Fashion news : Focus sur les préparatifs annuels du Grand Défilé Esmod Tunisie

C’est dans la lignée des prestigieux concours de l’IFM, de l’Anti_fashion festival ou encore, du festival Hyères que s’inscrit le grand défilé annuel de ESMOD Tunisie. Cette année, on a pu voir les élèves d’ESMOD Tunis en pleins préparatifs pour le grand show. Focus sur les futurs fashion designers de demain.

Trois maîtres-mots : technicité, créativité et originalité

Ce triptyque prometteur est signé Mr. Nino Saturo, le directeur général d’ESMOD International. Gage d’excellence, ESMOD Tunisie a vu émerger des designers tels que Ali Karoui, Ahmed Talfit ou encore, Braim Klei, le seul créateur de mode qui s’inscrit dans la continuité du mouvement Anti_fashion, prôné par les créateurs de mode japonais à la fin des années 70. Côté Esmod France, ce sont des noms comme Eric Bergère ou encore Frank Sorbier, l’un ayant travaillé chez Hermès, l’autre ayant préféré fonder sa propre maison Haute Couture, qui figurent parmi les anciens d’ESMOD France.
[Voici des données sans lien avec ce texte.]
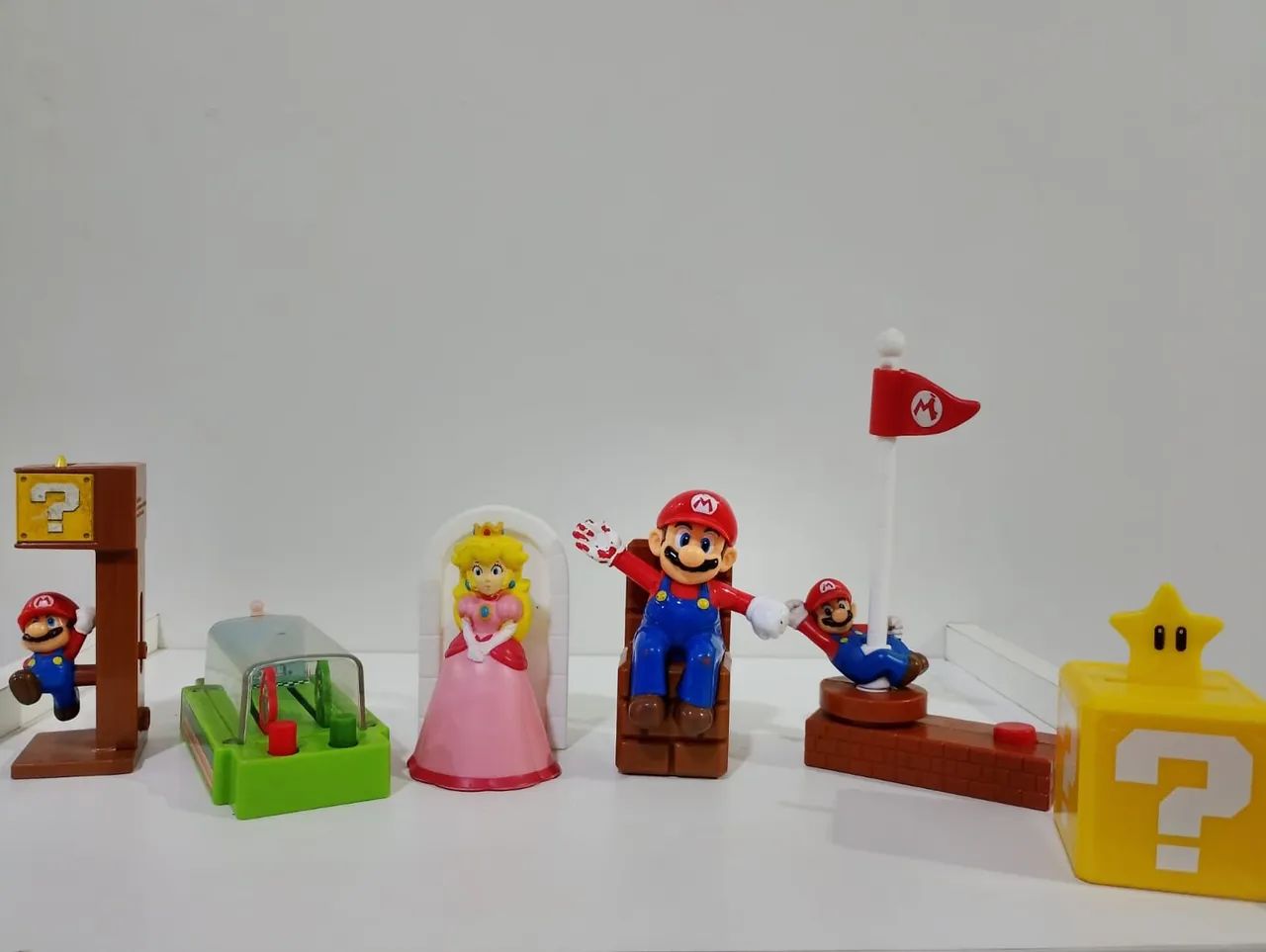 Miniaturas _ Mario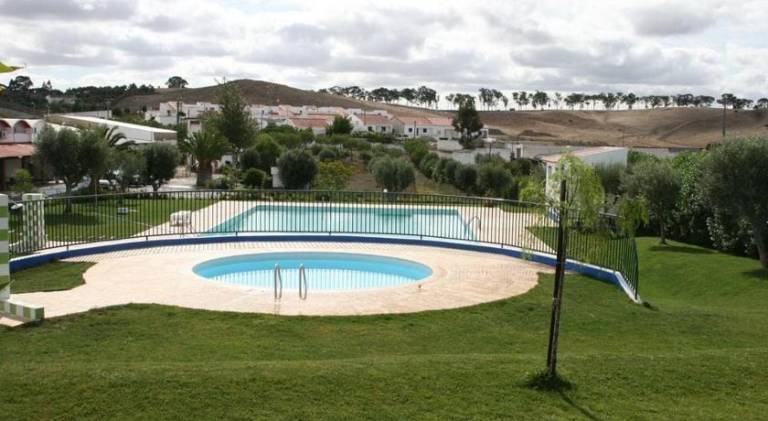 Vacation home with 2 rooms for 4 persons — photo 3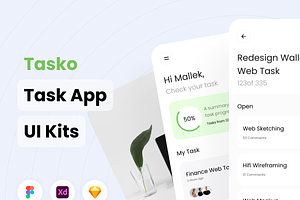 Task Management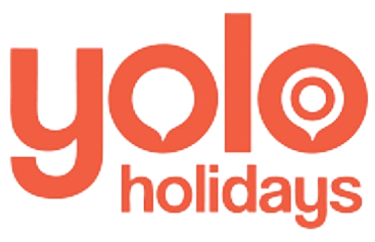 Yolo Holidays logo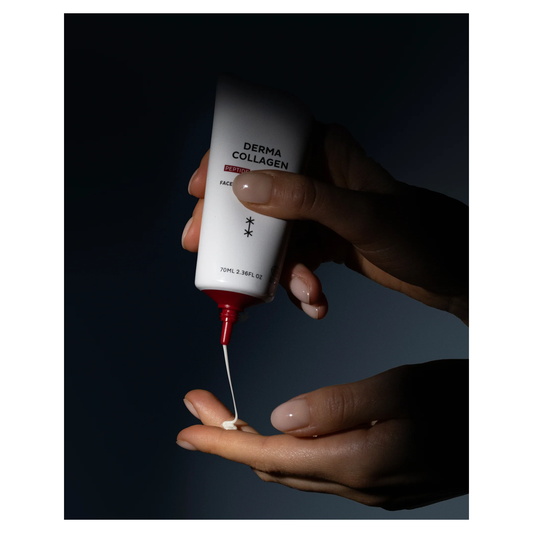 마다라 더마 콜라겐 나이트 크림 70ml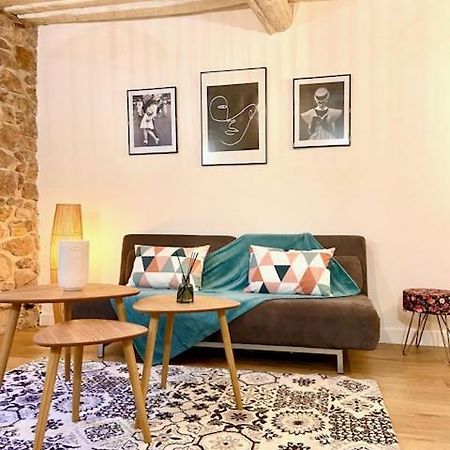 Appartamento Rue Du Bateau Antibes Esterno foto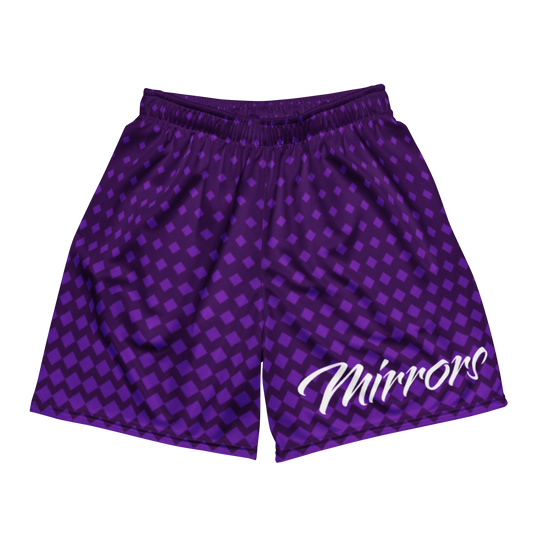 FMW Unisex Mesh Shorts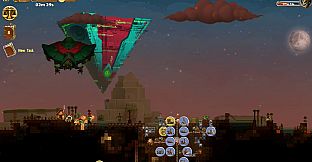 Craft The World - Invasion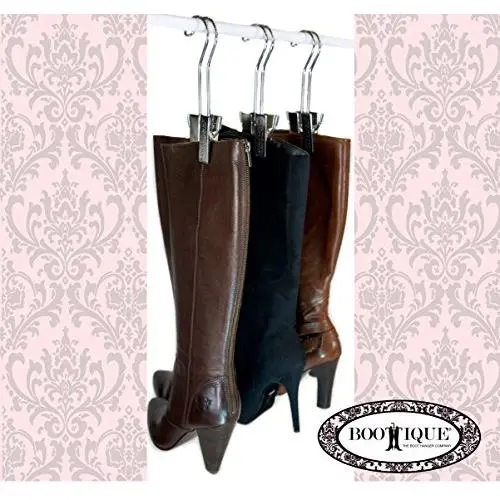 Add-on Boot Hangers (Set of 3) Add-on Boot Hangers (Set of 3)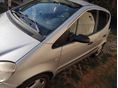 MERCEDES-BENZ A 140 2002/1 - 2
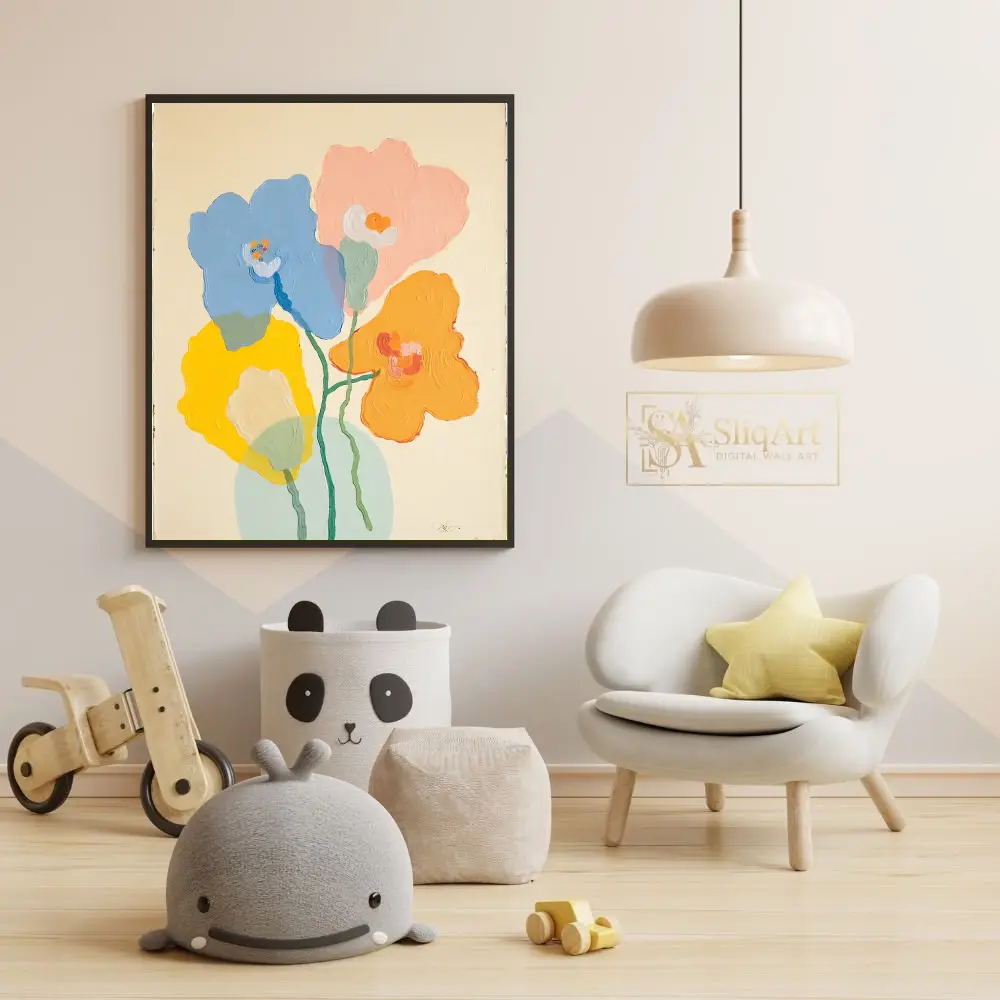 FLO-colorful-flower-art-1-042-05 FLO colorful flower art 1 042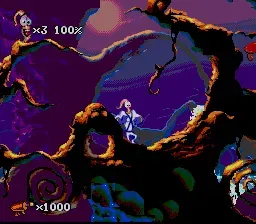 Earthworm Jim 2 screenshot 82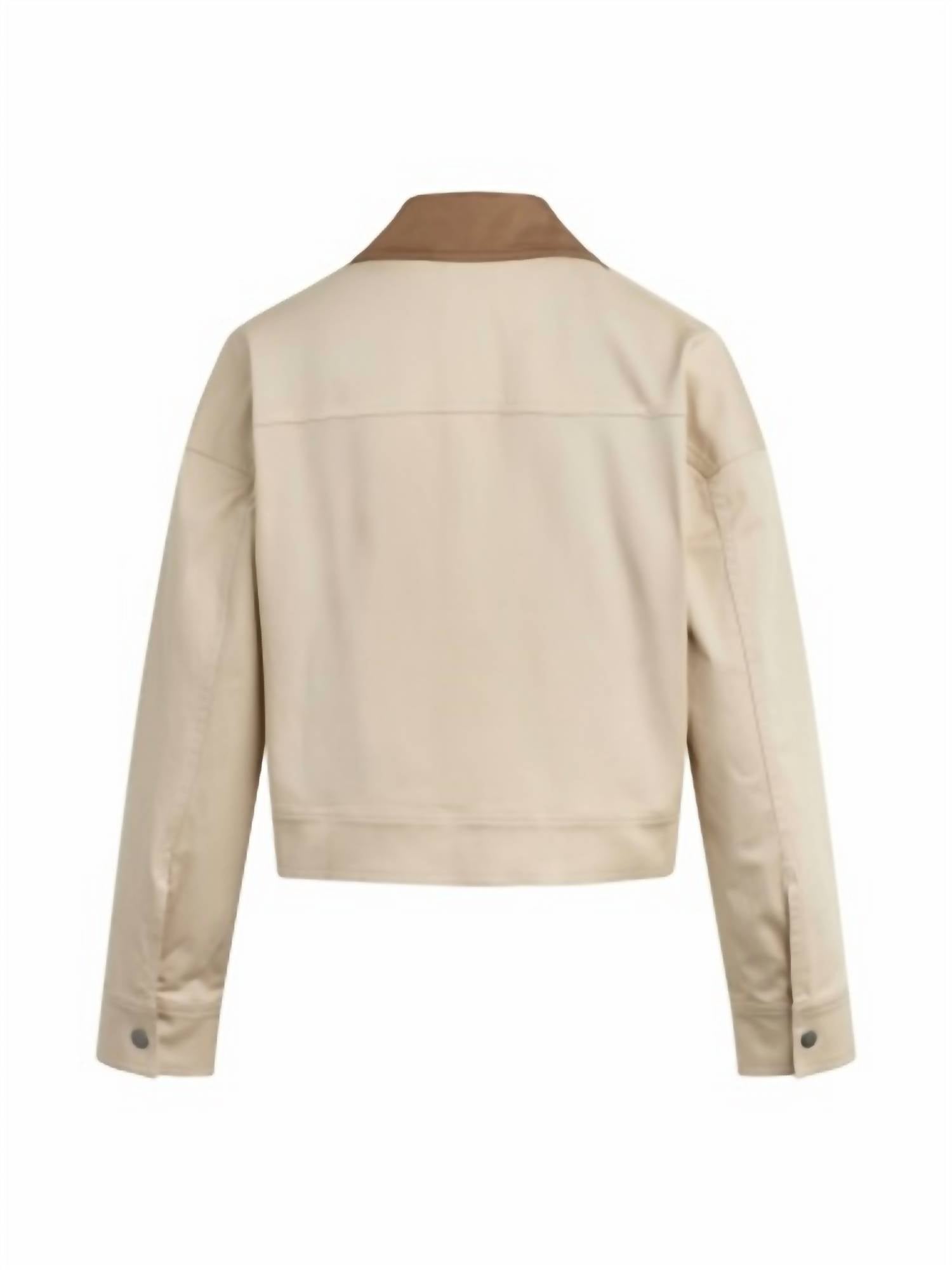 Favorite Daughter - Monica Colorblock Jacket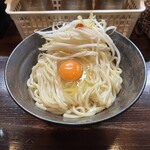麺座 かたぶつ - 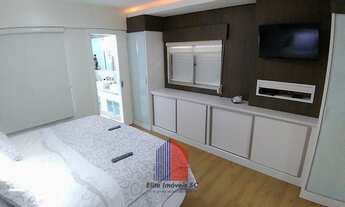 Imagem 5: Cobertura para venda tem 208 metros quadrados com 1 quarto em Atiradores - Joinville - SC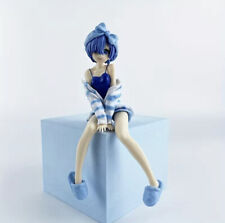 CUTE ANIME GIRL FIGURE Dolls Gift Toys Figurines Anime Statue Wifu Schoolgirl picture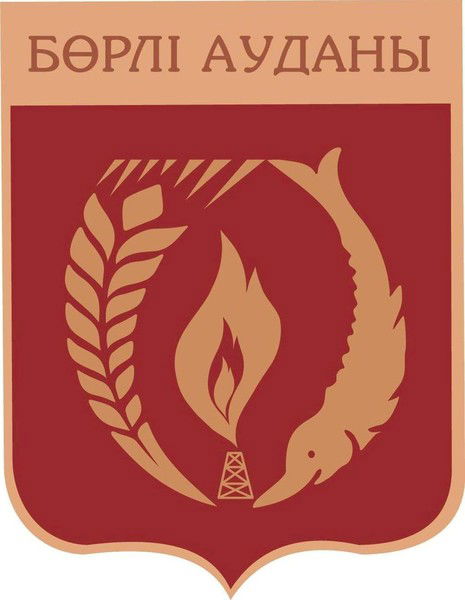 Аппарат Акима Бурлинского Района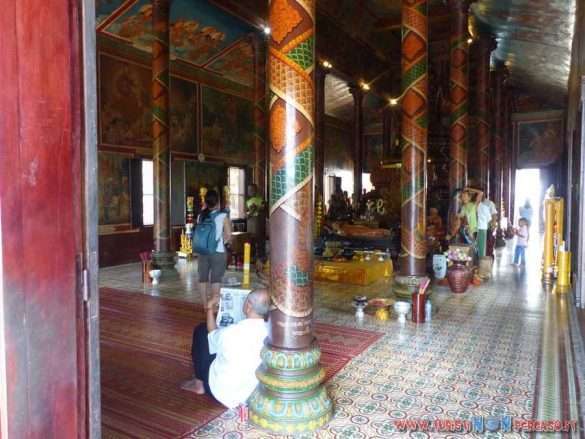 Phnom Penh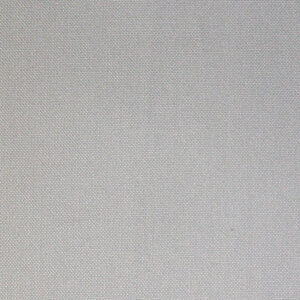 PIN POINT BIANCO - 100% COTONE - DOPPIO RITORTO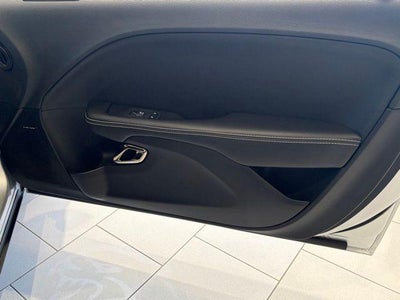 2019 Dodge Challenger SRT Hellcat Redeye Widebody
Aujourd’hui, le profil des étudiants a légèrement changé. Outre le talent et l’énergie débordante qu’ils manifestent, cette nouvelle génération « d’esmodiens » est beaucoup plus consciente de l’impact écologique de la mode. Adeptes de upcycling –recyclage fièrement revendiqué-, enclins à une mode plus éthique et positive ou puisant dans le patrimoine tunisien afin de le moderniser, la promotion 2018 de ESMOD Tunis/Sousse montre clairement son aspiration à revitaliser l’industrie de la mode en lui injectant une morale anti-mercantile.

Coups de cœur subjectifs

Le trompe-l’œil est un leitmotiv chez Adrienne Penda. Elève d’Esmod Sousse, la jeune femme a transposé les masques africains sur ses pièces. Alliant surréalisme et fauvisme, Adrienne nous a replongés dans l’univers d’Elsa Schiaparelli tout en gardant son identité propre. Sa collection plaira aux plus enfantins d’entre nous !

Le spectre du Courrèges des sixties a quant à lui plané sur la collection de Hsan Ben Ayech. Initialement adapté pour le tricot, le motif chevron a eu droit à une touche futuriste via la matière choisie. Travaillant avec du PVC, le jeune homme, avec ses trois pièces d’inspiration « glam rock », a réussi à faire du bling-bling sans tomber dans le cliché des vêtements importables car surchargés et lourds, du point de vue « poids ». On attend de voir le résultat final ce soir.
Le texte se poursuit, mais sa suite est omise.